The economic update left out details on funding for air navigation service providers — like Nav Canada, which warned in late November that layoffs are coming — to prevent them from increasing fees for airlines.

Quebec’s Aéro Montréal was hoping there would be support announced for aerospace manufacturing companies, as there is concern for “the exodus of our qualified workforce,” but such details were also left out of the fiscal update.

As well, there were no plans outlined for COVID-19 testing at airports. “We have three to four months to get it right if Canada is to participate in the recovery of global tourism we expect to see start in other northern countries next summer,” the Canadian Airports Council said.

NACC’s McNaney added: “We need the federal government to rapidly move forward with a clear and effective testing regime at airports to support the continued safe restart of the sector and address border and travel restrictions.”

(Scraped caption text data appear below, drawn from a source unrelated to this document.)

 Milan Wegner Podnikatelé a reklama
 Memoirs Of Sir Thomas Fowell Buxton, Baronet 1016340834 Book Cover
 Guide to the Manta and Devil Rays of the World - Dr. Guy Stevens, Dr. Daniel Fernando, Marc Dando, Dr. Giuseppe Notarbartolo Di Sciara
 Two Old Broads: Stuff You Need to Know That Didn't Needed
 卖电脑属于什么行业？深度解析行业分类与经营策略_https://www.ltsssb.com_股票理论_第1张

A large concern still remains with a bailout package for Canada’s major airlines, which key industry players have expressed is overdue. “We acknowledge the limited support for airlines and the wage subsidy increase during this initial phase. However, we are disappointed with the lack of recognition of the severity of the challenges we are facing,” said Jim Quick, president and CEO of the Aerospace Industries Association of Canada.

“Although many in political leadership have advised us that support is coming, we are nonetheless disappointed that it is taking so long.”

Nav Canada operates 41 air traffic control towers. Controller Tiina Lane is based at the Sault Ste Marie, Ont. facility.
Nav Canada warned in late November that layoffs are coming as part of a restructuring initiative. Nav Canada Photo

In early November, the government announced conditions for an aid package for airlines, including that airlines must refund passengers for cancelled flights.

“Before we spend one penny of taxpayer money on airlines, we will ensure Canadians get their refunds,” said Transport Minister Marc Garneau in a Nov. 8 press release.

NACC’s McNaney said the federal government has continued to state it is still working on establishing financial aid for major airlines — a message that was “repeated in the Economic Statement.” But it is “time for the federal government to follow the global approach and move urgently to finalize Canada’s path to supporting financial assistance for airlines, and in turn ensure aviation can support Canada’s overall recovery.”